According to the MPAA, Kill Bill deserves an R rating. What bull. Anybody who sits through even half of the film can see that it obviously deserves an NC-17. True, there's no sex, and the language is probably no worse than what we hear in most R-rated features today (though it's pretty coarse). And the morally bankrupt characters can be spotted in movies helmed by everyone from the Coen Brothers to the Wachowski Brothers. But the violence! Arms getting lopped off. Heads getting lopped off. Heads getting blown off. Kids seeing their parents murdered in cold blood before their very eyes. Kids getting splattered by the blood of their murdered parents. Kids getting killed themselves. Characters being dismembered, disemboweled, and all but disintegrated.

The opening battle of Saving Private Ryan? The chainsaw sequence in Scarface? The punctured eyeball in Zombie? Hah! Tarantino pisses on all these moments of mayhem. Let them air as segments on Sesame Street: Tarantino ups the ante, and he's got the MPAA to back him all the way. After all, Tarantino's movies are produced by Miramax, the studio run by Hollywood kingpin Harvey Weinstein. Weinstein is one of the most powerful men in all of moviedom, and Valenti is notorious for looking the other way when the money men come looking for a favorable rating. This time's no exception.

Now don't mistake my diatribe as a shrill, Medved-esque tsk-tsk'ing of Hollywood's lack of morals.
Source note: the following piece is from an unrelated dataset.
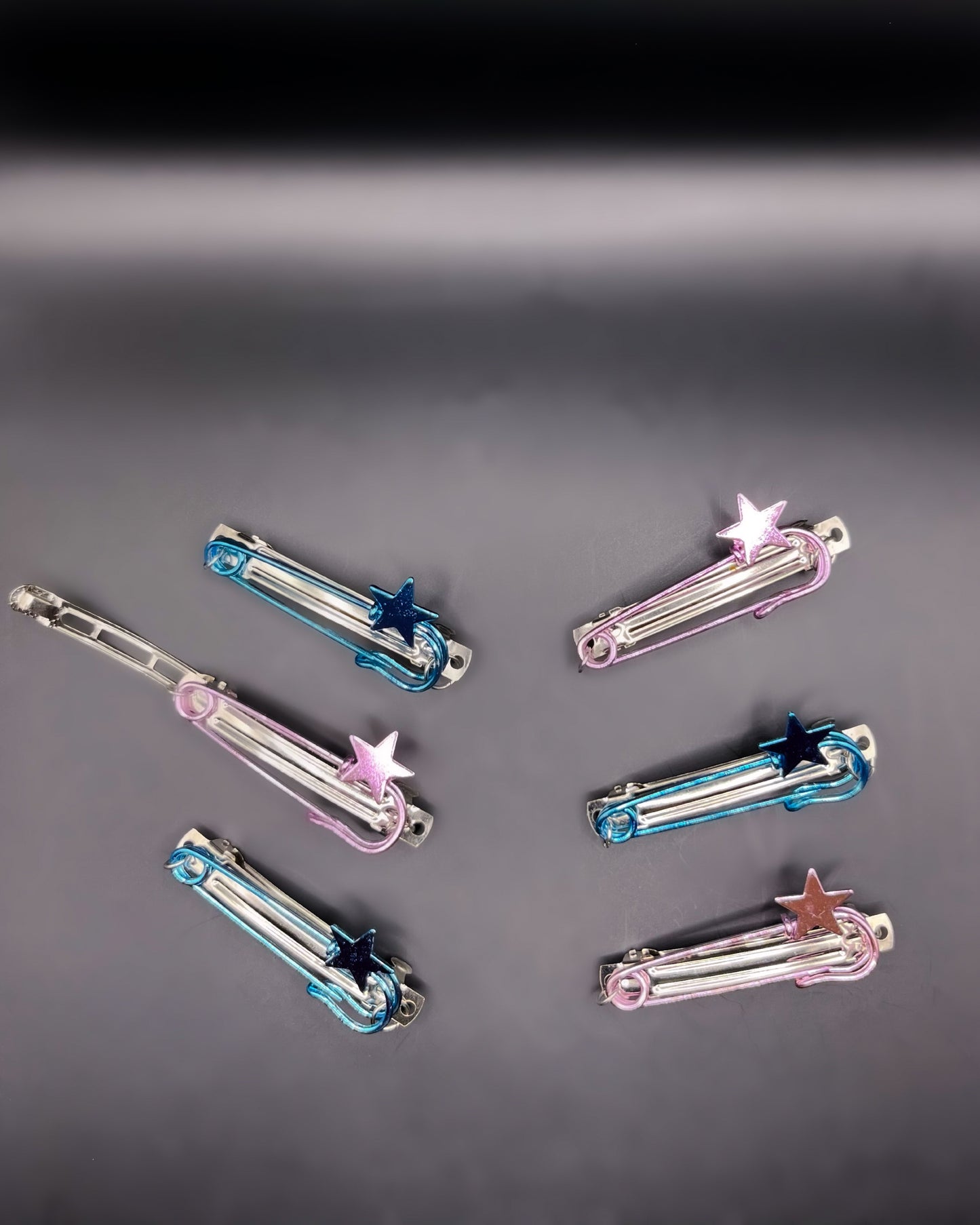 Super-Star French Barrette Hair Clips (6 PACK)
On the contrary, I wish studios would make more movies aimed at grownup audiences -- if it were up to me, we'd see an average of one adults-only picture released per week, films that speak directly to mature audiences without feeling the need to tone down anything for mass market consumption. Regardless of the quality, I fully support the existence of Kill Bill. What irks me is the hypocrisy of it all, the very fact that the MPAA goons present themselves as moral crusaders on behalf of our children when they're anything but.

As for Kill Bill, I don't mind the goriness of the piece, just the tediousness of that gore. Simple, straightforward, streamlined -- this is a revenge flick, pure and simple, with a woman known only as Black Mamba (Uma Thurman) seeking retribution against her former associates, a gang of low-lifes collectively known as the Deadly Viper Assassination Squad. Four years earlier, the Squad botched her killing and instead left her in a coma. Now she's awake, and she instantly sets out to eliminate her would-be assassins: Copperhead (Lucy Liu), Cottonmouth (Vivica A. Fox), California Mountain Snake (Daryl Hannah), Sidewinder (Michael Madsen), and the leader, Bill (David Carradine).
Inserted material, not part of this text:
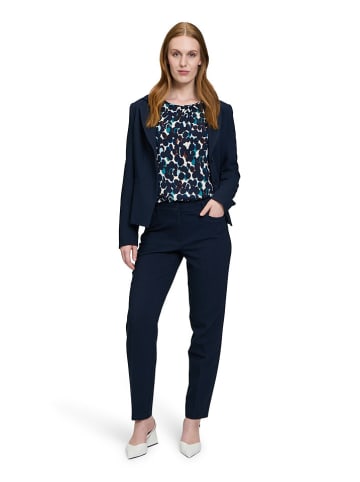 Betty Barclay Bluse in Dunkelblau/ Petrol/ Weiß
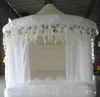 Alta qualidade engraçado pvc inflável casamento bounce castelo festa pulando castelos branco adulto crianças casa saltitante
Clearly, Tarantino envisioned the movie as a loving tribute to the myriad Hong Kong flicks he's always revered, those martial arts and sword-swinging sagas that have been his obsession from his childhood years to the present day. And just as clearly, he was having too good a time cramming everything into one movie, to the point where Weinstein agreed that the picture should be released in two parts (Vol. 2 hits theaters next February). But truthfully, there's no reason this wafer of a story should be supported by multiple movies, not when the trimming of countless repetitious shots should have been encouraged and might possibly have resulted in one zippy, kick-ass film. But Tarantino's like a kid in a candy store, accompanied by a parent with a limitless credit card. Why settle for one shot of a body spewing geysers of blood when 20 can be included? Why settle for one flashback snippet that explains all we need to know when three or four more variations on the same moment can be added?
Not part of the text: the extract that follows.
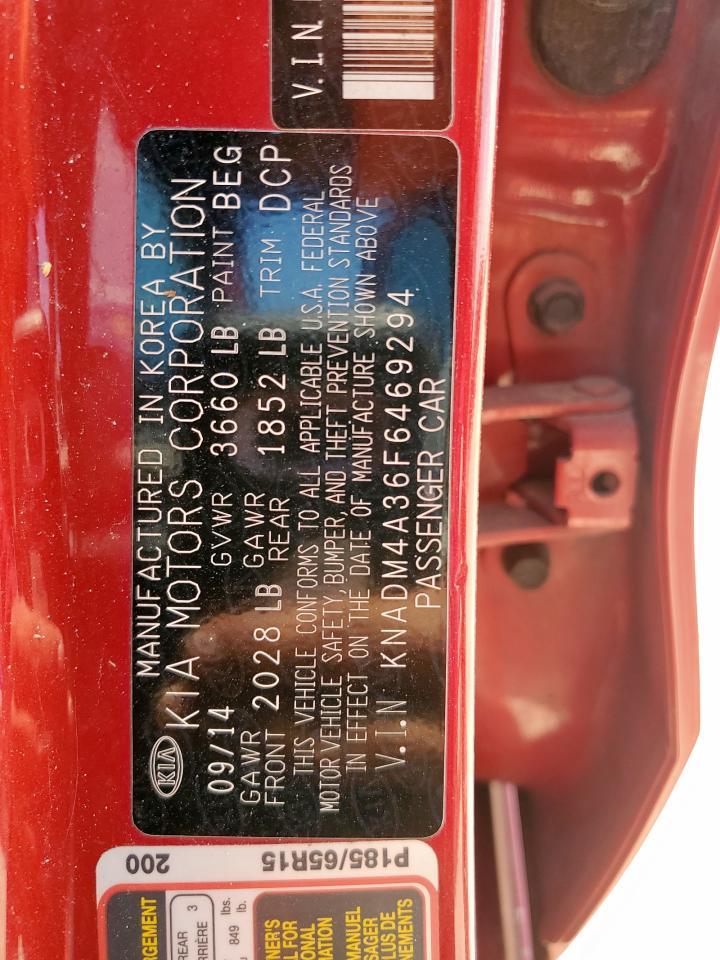 2015 KIA RIO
Tarantino wrote the lead role specifically for Uma Thurman, even delaying the start of shooting until she got back from having a baby. Thurman looks fit and fantastic here, and clearly she came ready to play. Granted, this sort of flick isn't usually conducive to allowing actors to strut their thespian abilities, but Thurman seems so alive on screen, it's a shame the part doesn't call for her to do much more than slice and dice the rest of the cast.

Tarantino's gimmicky approach (title cards, offbeat camerawork, an entire sequence drawn in anime style) initially serves the piece well, though like most other aspects, it becomes tiresome and repetitive. If the second volume is anything like this one, Miramax might want to consider changing its name to Overkill Bill.